Robert Luciani:And I don't think it's because it's better, because I don't think users are using prompts that are testing its math capabilities and other things. I think people just like to chat with it. And it comes back to this thing about tone that I was saying does it get the way you want to talk to it? It doesn't patronize you and pretend like you're stupid and sort of over-explained things or under-explained things, and so that's the first cool thing. It's a pretty nice chatbot to chat with.
Anders Arpteg:Does it still have the fun mode kind of thing?
Robert Luciani:No, I don't know if it has a fun toggle anymore, but haven't, really haven't really used it. The second feature is the think for longer feature, and we got a sneak preview of that with some open AI models, but maybe more specifically with deep seek. That made it more popularized among people at home. But the thing for longer feature is basically that it's allowed to write messages to itself and then read them and use that as sort of like a scratch pad before giving its final message.
Anders Arpteg:So basically we can pretend like it's… Is this the reasoning part.
Robert Luciani:Yeah, I mean, models now need to spit out their answers before they've finished thinking, and so what they let it do is use a piece of paper that's hidden and it thinks on that piece of paper and then it finally gives you its official final answer. And it's very neat because it's very fast. I mean, this thing is spitting out over a hundred tokens per second really fast in the background and so I asked it a question yesterday where it thought for an absurd. Oh yeah, I asked it to guesstimate the performance of some computing stuff, and it just started talking to itself for a long time. But wait, actually I forgot to take this into consideration. So it was thinking for like two minutes and having this internal dialogue in its head before outputting the answer, but the final answer that came out was really well, sort of-.
Henrik Göthberg:Well-structured.
Robert Luciani:Well-structured well thought through and everything like that. So it is a pretty cool feature. And then the final feature that grok3 has, which and these are things we've all seen, but, uh, they, they do really well with grok3 the final one is, uh, I think they call it deep search instead of deep research, which openai calls their version, and this is really, um, a great example of agentic behavior, meaning we know what the workflow for doing a bit of basic research is. You find some sources, you compile what, you read across them, you draw some conclusion and then you structure the output and you research a number of times as well, and you research a number of times, and so we can describe this quote unquote workflow in a very well-defined way. And so that is an agent. It's a very simple agent, but it's still an agent, and it's an agent that everybody has benefit from. And people will ask questions like give me a breakdown of the performance of this company financially, blah, blah, blah, and it'll generate a really really nice report for you.

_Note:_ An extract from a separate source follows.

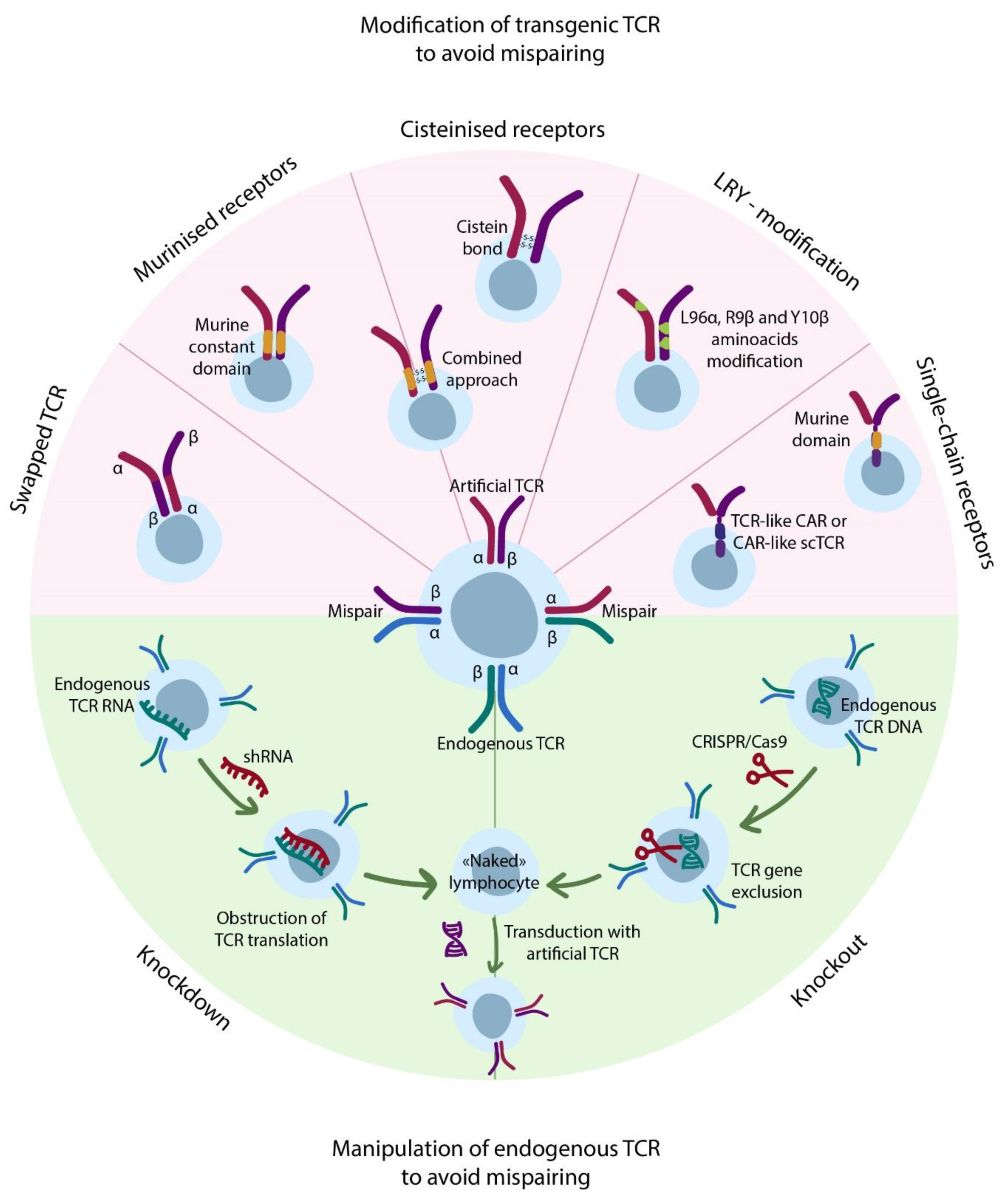 Cancers 13 00743 g004 Cancers 13 00743 g004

Henrik Göthberg:So the traditional market research. Can you do a report on a market entry strategy to UK for Vattenfall? It?
Robert Luciani:could even be. Could you compile me a research report on what I need to think about when buying running shoes? Exactly, Teach everything about foot arches and stuff like that. It'll make research on anything you want.
Henrik Göthberg:And the core topic then is that it thinks it's through and then it goes out and can more or less search for those things and they it. It can produce the report. Reference to what? Is what the what is, its sources and how it's yeah, so this is very powerful stuff for a lot of different disciplines yes, in normal day life for sure, would you say Grok 3 is an incremental improvement or more of a step change.
Anders Arpteg:Improvement compared to OpenAI and Gemini.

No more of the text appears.